Grâce à ce suivi, le projet est totalement évolutif et il s’allègera parallèlement à la réduction de la situation de handicap.
Il ne faut pas chercher systématiquement dans la scolarisation en milieu ordinaire que l’enfant handicapé progresse à l’identique de ses pairs. Je m’adresse là, plus particulièrement aux parents. Notre envie légitime de « normalité » nous pousse parfois à nous tromper d’objectif. Il faut tenir compte de la fatigabilité de l’enfant et de ses capacités réelles. Une mauvaise note, un redoublement en raison d’un manque d’acquisition ne sont pas des situations d’échec si l’enfant a amélioré sa communication, ses interactions sociales et s’il vit heureux à l’école. Car les vrais objectifs sont là. Il est avant tout à l’école pour acquérir une socialisation, pour avoir la possibilité d’améliorer son autonomie et sa communication. Ces progrès lui demandent beaucoup d’efforts qui peuvent interférer sur la qualité des acquis scolaires. Ce n’est pas grave.
La première ambition que nous devons avoir pour nos enfants, c’est qu’ils vivent le mieux possible dans un milieu ordinaire. Quand cela est obtenu, l’enfant améliore de lui même ses résultats purement scolaires. Nicolas a appris à écrire à 9 ans ? La belle affaire ! Ce retard n’est rien comparé aux formidables progrès qu’il a faits en communication et en interactions sociales. Maintenant il est l’un des meilleurs élèves de sa classe car il a également réussi à atteindre le niveau de performance nécessaire. L’essentiel à mes yeux c’est qu’il soit heureux et que je voie s’éloigner chaque jour un peu plus le spectre de la régression.
Christophe souffre beaucoup plus mais nous savons qu’il apprend à gérer ses angoisses et sa communication évolue à grands pas. Ce travail sur lui même et la fatigue qu’elle génère l’incite à s’économiser sur le travail scolaire. J’ai réussi à persuader sa maman de le laisser gérer ses capacités. Lorsqu’il a reçu les notes de sa première année du baccalauréat, qui étaient juste au-dessus de la moyenne, il a simplement dit à sa mère : « tu vois, ça suffit ! ».
Une des actions essentielles de l’équipe en charge d’un PPS est de préparer les changements d’orientation pendants le parcours scolaire de l’enfant. Arrivé au CM2, par exemple, il faut, dès le mois de janvier, envisager et préparer son entrée au collège. On commence alors à rechercher l’établissement qui semble offrir les meilleures conditions de réussite du projet, le plus près possible du domicile de l’enfant. Des contacts sont pris avec la future équipe pédagogique qui peut même être invitée aux dernières réunions du PPS en cours. On renégocie les besoins spécifiques (transport, matériel, adaptation d’infrastructure, auxiliaire de vie scolaire, etc.).

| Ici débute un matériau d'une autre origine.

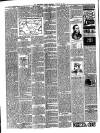 Newmarket Journal Saturday 24 February 1900 Page 2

L’équipe prépare également mais tranquillement l’enfant à changer d’école, de camarades, d’environnement et d’habitudes de vie. Une visite du futur établissement peut utilement être organisée.
Lorsque Nicolas est passé du collège au lycée, le Principal du collège a tenu à participer à la première réunion du PPS au lycée pour apporter à la directrice ses informations personnelles. Par ce geste spontané, il a marqué la volonté du corps enseignant pour la continuité et la viabilité du processus. La confiance s’est immédiatement établie avec la nouvelle équipe pédagogique et, pour la première fois de sa vie, Nicolas n’a pas été angoissé de changer d’école.